» YOUR INSTRUCTIONS
Using the listing below, print the line containing "Prodej Chata, 35㎡ - 2", the line containing "Image result for White 1987 Renault", and each line between them, exactly and nothing else. Pictures stay out of the print.

» DATA TO PROCESS
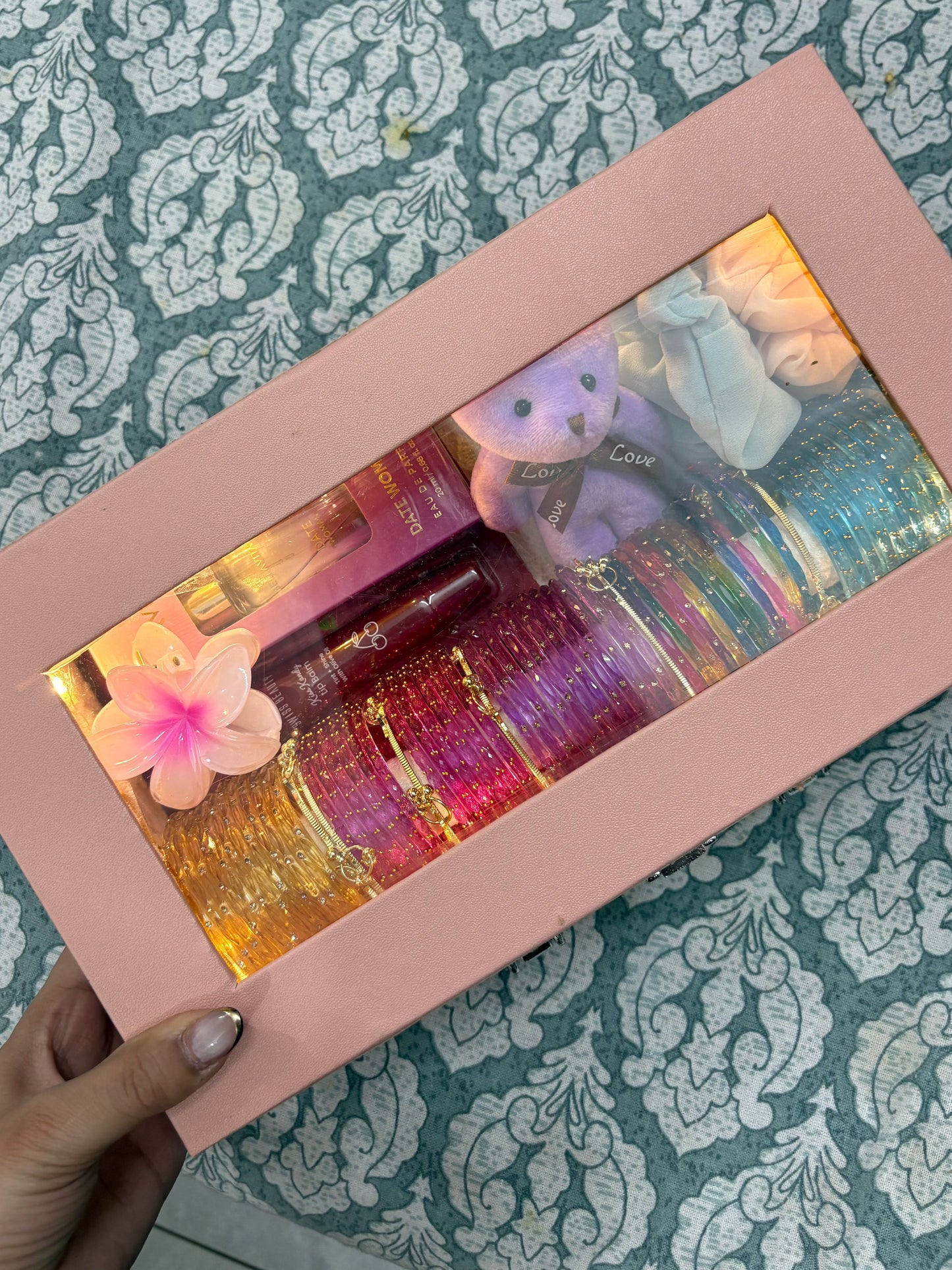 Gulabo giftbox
...
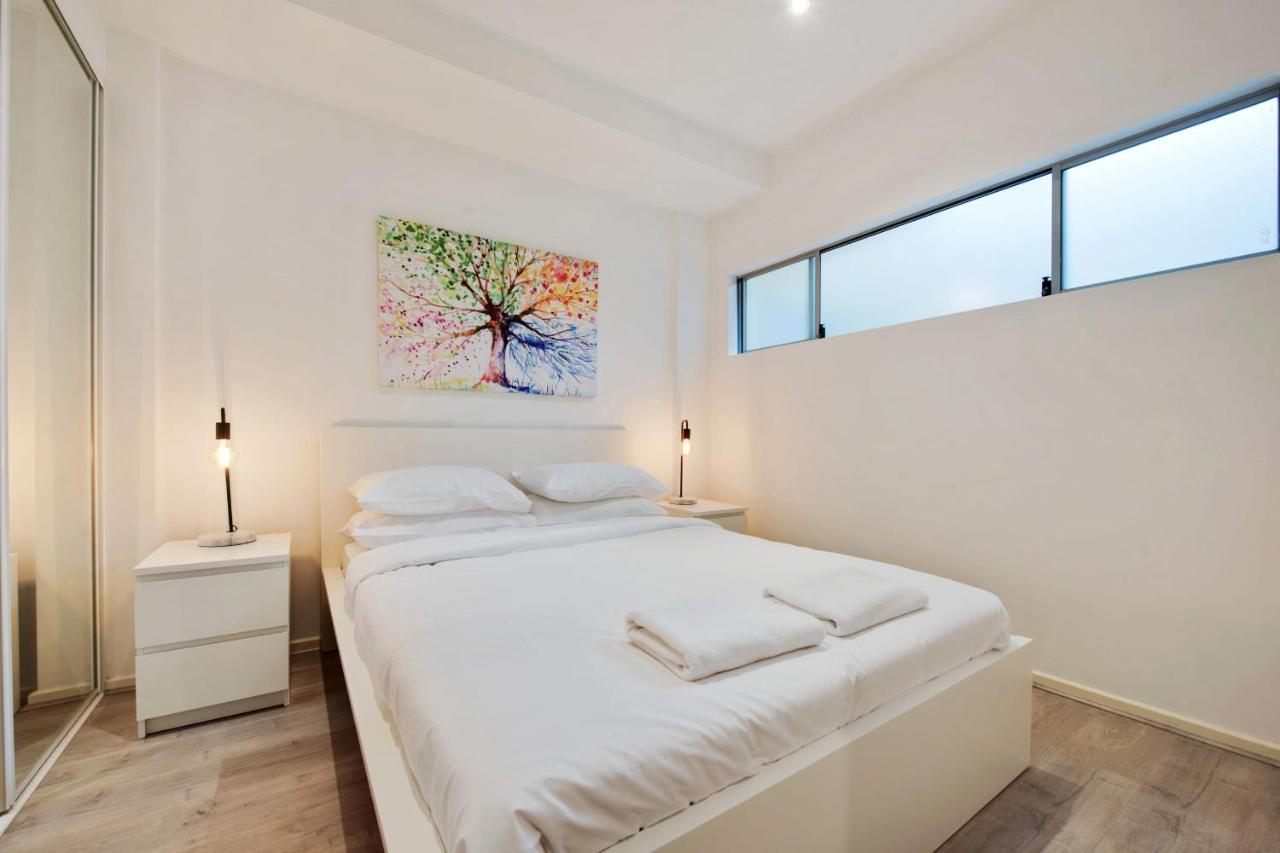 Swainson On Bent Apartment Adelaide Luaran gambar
--
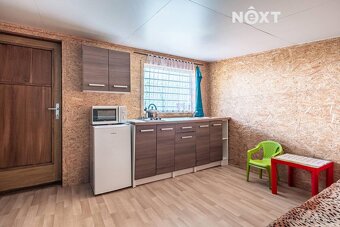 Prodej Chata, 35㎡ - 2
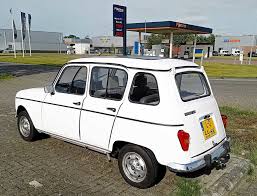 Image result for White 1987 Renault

» WRITTEN RESPONSE
 Prodej Chata, 35㎡ - 2
 Image result for White 1987 Renault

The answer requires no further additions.